Granulocyte colony-stimulating factor (G-CSF) and granulocyte-macrophage colony-stimulating factor (GM-CSF) have been used successfully to enhance neutrophil recovery in patients with various malignancies undergoing standard or high dose chemotherapy, with or without autologous or allogeneic bone marrow transplantation support, and offer potential advantages in these settings in terms of reducing the total costs of healthcare and/or improving therapeutic outcomes. Clinical trials are now aimed at identifying which patients and which nonhaematological malignancies will respond best to colony-stimulating factor (CSF) support, and which of the 2 factors is the most appropriate in each setting.
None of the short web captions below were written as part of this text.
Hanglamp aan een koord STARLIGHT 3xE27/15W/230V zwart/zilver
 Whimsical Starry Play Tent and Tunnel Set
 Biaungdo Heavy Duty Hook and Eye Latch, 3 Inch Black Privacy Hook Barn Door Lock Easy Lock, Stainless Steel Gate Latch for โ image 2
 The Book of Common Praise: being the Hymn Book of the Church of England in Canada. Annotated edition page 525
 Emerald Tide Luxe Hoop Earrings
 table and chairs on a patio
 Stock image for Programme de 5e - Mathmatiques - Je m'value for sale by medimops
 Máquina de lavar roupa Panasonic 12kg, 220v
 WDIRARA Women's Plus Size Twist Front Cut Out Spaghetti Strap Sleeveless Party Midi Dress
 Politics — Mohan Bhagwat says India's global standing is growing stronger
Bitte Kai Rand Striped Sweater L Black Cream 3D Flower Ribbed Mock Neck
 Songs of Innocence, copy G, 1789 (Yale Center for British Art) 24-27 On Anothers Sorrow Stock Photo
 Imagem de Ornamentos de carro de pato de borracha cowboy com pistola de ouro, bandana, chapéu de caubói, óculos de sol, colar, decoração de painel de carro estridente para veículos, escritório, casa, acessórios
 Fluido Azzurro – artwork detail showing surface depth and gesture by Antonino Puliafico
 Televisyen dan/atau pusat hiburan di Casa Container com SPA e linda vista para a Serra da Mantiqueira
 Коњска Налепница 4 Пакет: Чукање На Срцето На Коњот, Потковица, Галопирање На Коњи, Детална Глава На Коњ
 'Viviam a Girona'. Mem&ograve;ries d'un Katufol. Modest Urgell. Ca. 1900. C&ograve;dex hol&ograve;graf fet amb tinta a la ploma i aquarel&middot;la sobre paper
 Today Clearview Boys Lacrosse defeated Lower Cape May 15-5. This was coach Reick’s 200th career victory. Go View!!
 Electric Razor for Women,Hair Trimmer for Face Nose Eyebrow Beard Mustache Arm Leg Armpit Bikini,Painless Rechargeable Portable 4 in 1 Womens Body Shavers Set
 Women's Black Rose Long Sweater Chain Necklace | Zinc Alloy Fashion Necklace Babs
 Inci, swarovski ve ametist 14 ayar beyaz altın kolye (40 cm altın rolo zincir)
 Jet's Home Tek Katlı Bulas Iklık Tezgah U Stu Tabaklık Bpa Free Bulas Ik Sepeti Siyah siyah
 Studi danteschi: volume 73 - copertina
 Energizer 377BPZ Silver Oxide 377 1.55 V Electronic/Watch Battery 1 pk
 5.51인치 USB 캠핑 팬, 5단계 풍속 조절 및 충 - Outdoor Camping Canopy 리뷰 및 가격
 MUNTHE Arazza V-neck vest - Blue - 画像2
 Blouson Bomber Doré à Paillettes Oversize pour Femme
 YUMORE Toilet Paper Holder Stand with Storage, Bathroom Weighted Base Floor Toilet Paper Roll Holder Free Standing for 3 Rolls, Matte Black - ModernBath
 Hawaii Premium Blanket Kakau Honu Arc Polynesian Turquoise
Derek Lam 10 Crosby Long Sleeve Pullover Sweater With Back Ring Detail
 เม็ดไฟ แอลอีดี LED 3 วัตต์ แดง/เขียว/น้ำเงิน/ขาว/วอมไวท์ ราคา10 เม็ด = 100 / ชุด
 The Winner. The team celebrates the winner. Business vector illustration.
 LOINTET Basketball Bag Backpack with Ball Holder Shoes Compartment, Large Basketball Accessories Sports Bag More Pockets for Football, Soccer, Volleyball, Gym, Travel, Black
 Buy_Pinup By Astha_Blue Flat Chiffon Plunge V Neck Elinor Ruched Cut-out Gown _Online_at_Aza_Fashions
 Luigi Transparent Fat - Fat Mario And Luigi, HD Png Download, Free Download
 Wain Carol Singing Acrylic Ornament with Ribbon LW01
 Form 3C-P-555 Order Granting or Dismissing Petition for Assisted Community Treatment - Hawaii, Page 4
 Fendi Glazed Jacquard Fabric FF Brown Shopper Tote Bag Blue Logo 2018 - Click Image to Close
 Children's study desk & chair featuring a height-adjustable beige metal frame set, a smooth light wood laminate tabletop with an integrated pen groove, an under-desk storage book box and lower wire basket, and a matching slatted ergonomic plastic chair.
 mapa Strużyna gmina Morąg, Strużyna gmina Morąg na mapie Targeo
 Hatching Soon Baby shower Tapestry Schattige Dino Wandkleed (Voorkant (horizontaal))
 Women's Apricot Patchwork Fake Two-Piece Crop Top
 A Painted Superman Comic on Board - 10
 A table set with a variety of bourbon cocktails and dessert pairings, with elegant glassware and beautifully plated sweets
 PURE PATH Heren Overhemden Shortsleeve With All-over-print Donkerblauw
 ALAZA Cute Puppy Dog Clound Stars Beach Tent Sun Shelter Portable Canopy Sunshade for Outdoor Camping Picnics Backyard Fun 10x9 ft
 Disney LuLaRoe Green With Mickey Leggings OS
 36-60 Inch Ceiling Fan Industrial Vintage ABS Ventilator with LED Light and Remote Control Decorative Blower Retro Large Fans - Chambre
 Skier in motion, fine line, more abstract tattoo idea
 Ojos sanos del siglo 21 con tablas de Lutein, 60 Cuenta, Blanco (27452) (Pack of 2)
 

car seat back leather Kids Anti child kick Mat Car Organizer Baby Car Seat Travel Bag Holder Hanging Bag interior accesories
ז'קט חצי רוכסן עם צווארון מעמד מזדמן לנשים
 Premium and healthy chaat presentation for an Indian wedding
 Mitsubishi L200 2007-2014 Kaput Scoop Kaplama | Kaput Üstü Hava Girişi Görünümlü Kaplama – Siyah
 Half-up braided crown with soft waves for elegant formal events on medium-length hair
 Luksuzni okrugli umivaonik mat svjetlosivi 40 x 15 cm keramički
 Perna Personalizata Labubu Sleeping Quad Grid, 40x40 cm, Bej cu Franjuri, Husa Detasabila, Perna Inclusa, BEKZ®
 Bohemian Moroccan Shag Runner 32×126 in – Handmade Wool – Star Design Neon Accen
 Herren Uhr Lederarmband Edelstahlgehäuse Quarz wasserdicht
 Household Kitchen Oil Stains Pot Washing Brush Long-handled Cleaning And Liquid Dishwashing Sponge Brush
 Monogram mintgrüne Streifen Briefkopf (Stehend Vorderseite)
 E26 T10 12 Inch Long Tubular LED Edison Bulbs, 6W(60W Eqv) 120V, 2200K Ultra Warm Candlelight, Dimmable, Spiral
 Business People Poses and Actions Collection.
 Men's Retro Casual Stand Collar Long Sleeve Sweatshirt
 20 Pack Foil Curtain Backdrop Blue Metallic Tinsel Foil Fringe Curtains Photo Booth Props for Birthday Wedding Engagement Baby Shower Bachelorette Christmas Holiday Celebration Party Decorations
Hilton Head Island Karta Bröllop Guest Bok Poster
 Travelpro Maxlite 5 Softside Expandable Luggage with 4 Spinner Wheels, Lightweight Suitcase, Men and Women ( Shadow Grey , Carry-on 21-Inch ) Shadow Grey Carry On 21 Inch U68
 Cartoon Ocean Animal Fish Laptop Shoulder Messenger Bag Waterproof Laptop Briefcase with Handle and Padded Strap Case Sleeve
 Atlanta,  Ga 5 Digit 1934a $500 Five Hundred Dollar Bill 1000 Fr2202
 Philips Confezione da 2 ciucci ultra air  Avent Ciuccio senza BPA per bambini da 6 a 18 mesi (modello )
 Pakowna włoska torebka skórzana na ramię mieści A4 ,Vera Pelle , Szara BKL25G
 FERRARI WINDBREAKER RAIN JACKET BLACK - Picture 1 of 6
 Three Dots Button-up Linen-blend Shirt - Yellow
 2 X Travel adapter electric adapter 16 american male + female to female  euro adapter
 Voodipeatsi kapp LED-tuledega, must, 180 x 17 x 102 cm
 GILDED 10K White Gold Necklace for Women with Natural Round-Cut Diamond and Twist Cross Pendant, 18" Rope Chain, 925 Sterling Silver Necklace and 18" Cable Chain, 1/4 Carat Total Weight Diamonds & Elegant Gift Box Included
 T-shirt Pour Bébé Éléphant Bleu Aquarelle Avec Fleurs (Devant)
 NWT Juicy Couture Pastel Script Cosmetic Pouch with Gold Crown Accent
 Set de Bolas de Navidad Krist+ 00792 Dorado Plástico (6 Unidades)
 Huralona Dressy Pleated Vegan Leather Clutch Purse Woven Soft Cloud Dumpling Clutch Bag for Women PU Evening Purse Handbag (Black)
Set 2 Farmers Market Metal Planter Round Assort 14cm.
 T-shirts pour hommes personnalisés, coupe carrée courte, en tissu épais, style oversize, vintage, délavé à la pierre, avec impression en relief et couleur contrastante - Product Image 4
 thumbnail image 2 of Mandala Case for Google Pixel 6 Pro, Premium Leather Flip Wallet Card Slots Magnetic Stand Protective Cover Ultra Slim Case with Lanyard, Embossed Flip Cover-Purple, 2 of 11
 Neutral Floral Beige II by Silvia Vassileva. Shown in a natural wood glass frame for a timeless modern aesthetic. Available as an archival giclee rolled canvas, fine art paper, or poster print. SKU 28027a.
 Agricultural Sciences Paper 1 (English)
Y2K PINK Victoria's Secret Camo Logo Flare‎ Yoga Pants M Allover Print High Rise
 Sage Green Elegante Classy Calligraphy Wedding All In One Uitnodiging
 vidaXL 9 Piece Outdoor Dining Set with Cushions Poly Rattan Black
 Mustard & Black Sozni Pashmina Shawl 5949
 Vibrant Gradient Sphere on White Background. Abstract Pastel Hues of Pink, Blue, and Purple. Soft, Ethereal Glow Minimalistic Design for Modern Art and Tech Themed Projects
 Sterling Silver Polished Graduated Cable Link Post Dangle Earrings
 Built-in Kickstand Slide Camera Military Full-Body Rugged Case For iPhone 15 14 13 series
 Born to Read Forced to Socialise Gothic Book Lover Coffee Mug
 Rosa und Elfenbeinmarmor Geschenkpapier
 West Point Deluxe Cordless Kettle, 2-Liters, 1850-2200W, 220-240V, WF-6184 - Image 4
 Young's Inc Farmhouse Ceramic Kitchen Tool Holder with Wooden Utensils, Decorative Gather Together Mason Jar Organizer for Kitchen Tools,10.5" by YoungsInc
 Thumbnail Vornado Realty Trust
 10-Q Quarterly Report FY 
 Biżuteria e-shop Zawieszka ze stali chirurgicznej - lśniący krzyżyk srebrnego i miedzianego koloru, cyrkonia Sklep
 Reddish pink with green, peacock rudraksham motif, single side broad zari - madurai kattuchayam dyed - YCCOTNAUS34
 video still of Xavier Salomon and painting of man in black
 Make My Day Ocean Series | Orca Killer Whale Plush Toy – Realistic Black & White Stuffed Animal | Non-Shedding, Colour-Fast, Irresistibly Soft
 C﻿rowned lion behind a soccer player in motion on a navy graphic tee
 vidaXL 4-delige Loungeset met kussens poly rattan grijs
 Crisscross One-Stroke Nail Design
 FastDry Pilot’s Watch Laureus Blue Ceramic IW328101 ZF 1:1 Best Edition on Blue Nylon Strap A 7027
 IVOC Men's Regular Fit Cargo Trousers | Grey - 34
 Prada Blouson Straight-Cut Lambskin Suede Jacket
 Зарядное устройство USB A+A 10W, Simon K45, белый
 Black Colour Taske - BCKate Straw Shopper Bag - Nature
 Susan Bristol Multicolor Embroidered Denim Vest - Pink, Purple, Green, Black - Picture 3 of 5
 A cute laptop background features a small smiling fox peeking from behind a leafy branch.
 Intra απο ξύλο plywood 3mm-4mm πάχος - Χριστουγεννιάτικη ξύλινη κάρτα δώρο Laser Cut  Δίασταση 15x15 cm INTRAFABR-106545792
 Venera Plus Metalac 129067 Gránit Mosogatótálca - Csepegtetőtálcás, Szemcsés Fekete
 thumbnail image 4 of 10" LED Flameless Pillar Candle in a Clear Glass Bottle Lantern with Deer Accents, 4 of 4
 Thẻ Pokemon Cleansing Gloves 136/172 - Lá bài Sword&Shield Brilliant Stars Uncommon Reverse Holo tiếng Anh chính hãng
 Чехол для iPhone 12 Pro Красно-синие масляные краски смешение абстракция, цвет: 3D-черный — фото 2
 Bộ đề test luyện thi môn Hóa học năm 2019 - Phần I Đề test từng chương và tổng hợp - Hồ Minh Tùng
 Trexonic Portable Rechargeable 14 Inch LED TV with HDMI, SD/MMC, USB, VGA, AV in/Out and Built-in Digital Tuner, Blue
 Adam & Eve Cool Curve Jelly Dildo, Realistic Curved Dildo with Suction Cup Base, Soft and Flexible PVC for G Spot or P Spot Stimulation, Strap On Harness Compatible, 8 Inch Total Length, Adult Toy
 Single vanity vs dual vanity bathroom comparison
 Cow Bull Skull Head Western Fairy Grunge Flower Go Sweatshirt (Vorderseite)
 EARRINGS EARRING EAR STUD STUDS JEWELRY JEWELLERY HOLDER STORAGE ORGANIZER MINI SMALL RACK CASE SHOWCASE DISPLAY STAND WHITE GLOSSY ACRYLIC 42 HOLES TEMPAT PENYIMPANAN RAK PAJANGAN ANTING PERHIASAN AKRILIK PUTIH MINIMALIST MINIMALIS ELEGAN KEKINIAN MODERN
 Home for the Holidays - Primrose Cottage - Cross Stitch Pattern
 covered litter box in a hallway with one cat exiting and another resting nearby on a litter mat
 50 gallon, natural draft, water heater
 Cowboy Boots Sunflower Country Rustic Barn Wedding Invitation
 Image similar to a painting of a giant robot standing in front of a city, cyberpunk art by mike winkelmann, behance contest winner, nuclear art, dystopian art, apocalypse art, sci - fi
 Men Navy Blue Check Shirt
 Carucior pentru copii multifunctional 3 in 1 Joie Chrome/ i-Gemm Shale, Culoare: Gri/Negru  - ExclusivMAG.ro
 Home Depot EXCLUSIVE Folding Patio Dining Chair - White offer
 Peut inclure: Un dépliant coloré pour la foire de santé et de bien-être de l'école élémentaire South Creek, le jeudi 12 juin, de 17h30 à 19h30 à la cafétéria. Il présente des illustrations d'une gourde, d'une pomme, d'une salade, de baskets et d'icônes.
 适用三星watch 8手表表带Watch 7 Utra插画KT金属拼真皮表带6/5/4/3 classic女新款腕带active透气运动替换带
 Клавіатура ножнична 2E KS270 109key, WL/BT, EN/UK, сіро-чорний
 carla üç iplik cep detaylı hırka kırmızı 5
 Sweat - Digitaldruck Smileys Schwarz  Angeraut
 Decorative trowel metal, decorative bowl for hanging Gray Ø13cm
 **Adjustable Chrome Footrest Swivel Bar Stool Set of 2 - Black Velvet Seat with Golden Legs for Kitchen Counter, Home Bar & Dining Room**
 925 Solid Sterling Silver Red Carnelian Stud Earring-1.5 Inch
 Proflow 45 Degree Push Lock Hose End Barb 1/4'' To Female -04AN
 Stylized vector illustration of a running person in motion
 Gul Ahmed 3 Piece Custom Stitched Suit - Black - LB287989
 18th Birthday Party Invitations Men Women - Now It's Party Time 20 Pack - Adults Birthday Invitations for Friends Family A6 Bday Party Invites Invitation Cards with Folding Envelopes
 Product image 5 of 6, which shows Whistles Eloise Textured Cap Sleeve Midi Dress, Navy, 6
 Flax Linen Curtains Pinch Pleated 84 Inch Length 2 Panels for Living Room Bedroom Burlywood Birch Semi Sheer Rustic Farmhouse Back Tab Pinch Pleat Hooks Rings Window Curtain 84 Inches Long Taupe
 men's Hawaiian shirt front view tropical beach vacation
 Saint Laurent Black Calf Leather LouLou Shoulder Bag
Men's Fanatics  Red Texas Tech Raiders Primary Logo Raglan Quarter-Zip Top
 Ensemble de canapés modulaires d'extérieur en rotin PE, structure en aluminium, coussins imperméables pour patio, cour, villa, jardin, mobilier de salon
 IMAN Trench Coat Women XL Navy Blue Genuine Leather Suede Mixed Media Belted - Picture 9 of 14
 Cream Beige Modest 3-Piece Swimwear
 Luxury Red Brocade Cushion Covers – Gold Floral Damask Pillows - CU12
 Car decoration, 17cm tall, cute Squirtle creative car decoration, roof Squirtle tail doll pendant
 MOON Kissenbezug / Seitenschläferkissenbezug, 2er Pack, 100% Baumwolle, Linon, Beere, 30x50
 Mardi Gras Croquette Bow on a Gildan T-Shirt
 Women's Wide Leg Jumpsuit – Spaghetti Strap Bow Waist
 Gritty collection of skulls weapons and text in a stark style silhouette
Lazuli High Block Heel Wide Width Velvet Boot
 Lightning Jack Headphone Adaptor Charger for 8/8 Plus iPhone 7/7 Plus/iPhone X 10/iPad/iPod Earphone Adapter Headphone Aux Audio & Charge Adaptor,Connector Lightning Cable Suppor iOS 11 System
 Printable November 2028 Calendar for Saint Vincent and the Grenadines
Two areas of considerable interest at present are the potential for chemotherapy dose optimisation and intensification with CSF therapy, and the use of CSFs to permit the harvest and reinfusion of peripheral blood progenitor cells as an alternative to autologous or allogeneic bone marrow transplantation. In the case of dose-intensified chemotherapy, costs of treatment increase but the gain may be an increase in survival rates or disease-free intervals. The potential of G-CSF and GM-CSF therapy in other conditions, notably haematological malignancies such as myelodysplasia and myeloid leukaemias, and AIDS, means that these agents are likely to make a significant impact on the treatment of a wide range of debilitating conditions in the future.